### What this task involves
Repeat the data precisely as given.

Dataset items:
[Start of section]

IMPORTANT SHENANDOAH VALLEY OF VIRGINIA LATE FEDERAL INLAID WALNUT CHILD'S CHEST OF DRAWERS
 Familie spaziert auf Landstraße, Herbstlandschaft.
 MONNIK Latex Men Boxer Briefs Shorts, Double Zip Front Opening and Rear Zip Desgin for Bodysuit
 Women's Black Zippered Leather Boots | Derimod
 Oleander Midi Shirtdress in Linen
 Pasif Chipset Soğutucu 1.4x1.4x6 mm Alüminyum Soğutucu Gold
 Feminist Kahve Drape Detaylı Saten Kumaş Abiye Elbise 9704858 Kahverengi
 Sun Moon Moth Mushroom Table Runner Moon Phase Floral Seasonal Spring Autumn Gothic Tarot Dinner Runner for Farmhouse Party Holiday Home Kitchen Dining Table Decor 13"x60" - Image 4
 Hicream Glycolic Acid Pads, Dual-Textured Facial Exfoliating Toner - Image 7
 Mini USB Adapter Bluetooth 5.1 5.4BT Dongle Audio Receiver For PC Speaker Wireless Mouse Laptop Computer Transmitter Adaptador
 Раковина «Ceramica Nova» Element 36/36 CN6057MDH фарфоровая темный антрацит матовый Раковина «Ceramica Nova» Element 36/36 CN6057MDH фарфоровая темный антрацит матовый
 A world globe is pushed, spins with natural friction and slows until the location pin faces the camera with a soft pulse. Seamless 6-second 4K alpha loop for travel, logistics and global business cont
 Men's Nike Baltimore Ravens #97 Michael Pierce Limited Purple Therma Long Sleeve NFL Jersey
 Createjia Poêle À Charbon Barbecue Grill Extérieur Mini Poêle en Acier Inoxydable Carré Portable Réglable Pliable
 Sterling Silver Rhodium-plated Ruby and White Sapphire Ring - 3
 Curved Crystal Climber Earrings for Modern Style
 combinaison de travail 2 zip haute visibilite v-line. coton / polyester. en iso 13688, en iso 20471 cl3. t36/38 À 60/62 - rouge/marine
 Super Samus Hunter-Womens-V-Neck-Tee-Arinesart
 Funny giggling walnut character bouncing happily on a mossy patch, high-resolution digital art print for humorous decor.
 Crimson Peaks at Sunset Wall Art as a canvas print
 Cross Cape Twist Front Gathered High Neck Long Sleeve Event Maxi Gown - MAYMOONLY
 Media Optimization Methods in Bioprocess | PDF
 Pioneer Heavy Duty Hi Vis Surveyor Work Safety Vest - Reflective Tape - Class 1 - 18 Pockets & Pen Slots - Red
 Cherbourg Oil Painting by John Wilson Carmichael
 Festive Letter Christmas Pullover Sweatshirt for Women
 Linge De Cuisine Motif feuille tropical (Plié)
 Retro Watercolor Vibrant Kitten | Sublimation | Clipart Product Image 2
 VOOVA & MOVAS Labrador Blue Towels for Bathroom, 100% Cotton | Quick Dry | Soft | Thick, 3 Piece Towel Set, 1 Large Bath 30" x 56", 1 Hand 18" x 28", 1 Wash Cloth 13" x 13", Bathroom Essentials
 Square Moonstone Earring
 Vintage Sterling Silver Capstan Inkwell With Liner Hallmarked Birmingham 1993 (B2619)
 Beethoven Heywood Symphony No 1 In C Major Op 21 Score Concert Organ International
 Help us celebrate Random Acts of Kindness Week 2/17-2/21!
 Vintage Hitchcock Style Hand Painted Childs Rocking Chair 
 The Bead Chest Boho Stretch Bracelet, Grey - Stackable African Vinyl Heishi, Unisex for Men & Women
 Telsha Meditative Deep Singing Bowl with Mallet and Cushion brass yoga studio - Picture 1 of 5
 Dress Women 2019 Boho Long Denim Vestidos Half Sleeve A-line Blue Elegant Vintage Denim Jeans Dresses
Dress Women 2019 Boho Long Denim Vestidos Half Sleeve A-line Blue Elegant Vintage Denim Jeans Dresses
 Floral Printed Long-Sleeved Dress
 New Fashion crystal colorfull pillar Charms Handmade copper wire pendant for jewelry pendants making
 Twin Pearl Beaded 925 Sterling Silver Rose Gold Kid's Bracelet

[End of section]

### Your response
IMPORTANT SHENANDOAH VALLEY OF VIRGINIA LATE FEDERAL INLAID WALNUT CHILD'S CHEST OF DRAWERS
 Familie spaziert auf Landstraße, Herbstlandschaft.
 MONNIK Latex Men Boxer Briefs Shorts, Double Zip Front Opening and Rear Zip Desgin for Bodysuit
 Women's Black Zippered Leather Boots | Derimod
 Oleander Midi Shirtdress in Linen
 Pasif Chipset Soğutucu 1.4x1.4x6 mm Alüminyum Soğutucu Gold
 Feminist Kahve Drape Detaylı Saten Kumaş Abiye Elbise 9704858 Kahverengi
 Sun Moon Moth Mushroom Table Runner Moon Phase Floral Seasonal Spring Autumn Gothic Tarot Dinner Runner for Farmhouse Party Holiday Home Kitchen Dining Table Decor 13"x60" - Image 4
 Hicream Glycolic Acid Pads, Dual-Textured Facial Exfoliating Toner - Image 7
 Mini USB Adapter Bluetooth 5.1 5.4BT Dongle Audio Receiver For PC Speaker Wireless Mouse Laptop Computer Transmitter Adaptador
 Раковина «Ceramica Nova» Element 36/36 CN6057MDH фарфоровая темный антрацит матовый Раковина «Ceramica Nova» Element 36/36 CN6057MDH фарфоровая темный антрацит матовый
 A world globe is pushed, spins with natural friction and slows until the location pin faces the camera with a soft pulse. Seamless 6-second 4K alpha loop for travel, logistics and global business cont
 Men's Nike Baltimore Ravens #97 Michael Pierce Limited Purple Therma Long Sleeve NFL Jersey
 Createjia Poêle À Charbon Barbecue Grill Extérieur Mini Poêle en Acier Inoxydable Carré Portable Réglable Pliable
 Sterling Silver Rhodium-plated Ruby and White Sapphire Ring - 3
 Curved Crystal Climber Earrings for Modern Style
 combinaison de travail 2 zip haute visibilite v-line. coton / polyester. en iso 13688, en iso 20471 cl3. t36/38 À 60/62 - rouge/marine
 Super Samus Hunter-Womens-V-Neck-Tee-Arinesart
 Funny giggling walnut character bouncing happily on a mossy patch, high-resolution digital art print for humorous decor.
 Crimson Peaks at Sunset Wall Art as a canvas print
 Cross Cape Twist Front Gathered High Neck Long Sleeve Event Maxi Gown - MAYMOONLY
 Media Optimization Methods in Bioprocess | PDF
 Pioneer Heavy Duty Hi Vis Surveyor Work Safety Vest - Reflective Tape - Class 1 - 18 Pockets & Pen Slots - Red
 Cherbourg Oil Painting by John Wilson Carmichael
 Festive Letter Christmas Pullover Sweatshirt for Women
 Linge De Cuisine Motif feuille tropical (Plié)
 Retro Watercolor Vibrant Kitten | Sublimation | Clipart Product Image 2
 VOOVA & MOVAS Labrador Blue Towels for Bathroom, 100% Cotton | Quick Dry | Soft | Thick, 3 Piece Towel Set, 1 Large Bath 30" x 56", 1 Hand 18" x 28", 1 Wash Cloth 13" x 13", Bathroom Essentials
 Square Moonstone Earring
 Vintage Sterling Silver Capstan Inkwell With Liner Hallmarked Birmingham 1993 (B2619)
 Beethoven Heywood Symphony No 1 In C Major Op 21 Score Concert Organ International
 Help us celebrate Random Acts of Kindness Week 2/17-2/21!
 Vintage Hitchcock Style Hand Painted Childs Rocking Chair 
 The Bead Chest Boho Stretch Bracelet, Grey - Stackable African Vinyl Heishi, Unisex for Men & Women
 Telsha Meditative Deep Singing Bowl with Mallet and Cushion brass yoga studio - Picture 1 of 5
 Dress Women 2019 Boho Long Denim Vestidos Half Sleeve A-line Blue Elegant Vintage Denim Jeans Dresses
Dress Women 2019 Boho Long Denim Vestidos Half Sleeve A-line Blue Elegant Vintage Denim Jeans Dresses
 Floral Printed Long-Sleeved Dress
 New Fashion crystal colorfull pillar Charms Handmade copper wire pendant for jewelry pendants making
 Twin Pearl Beaded 925 Sterling Silver Rose Gold Kid's Bracelet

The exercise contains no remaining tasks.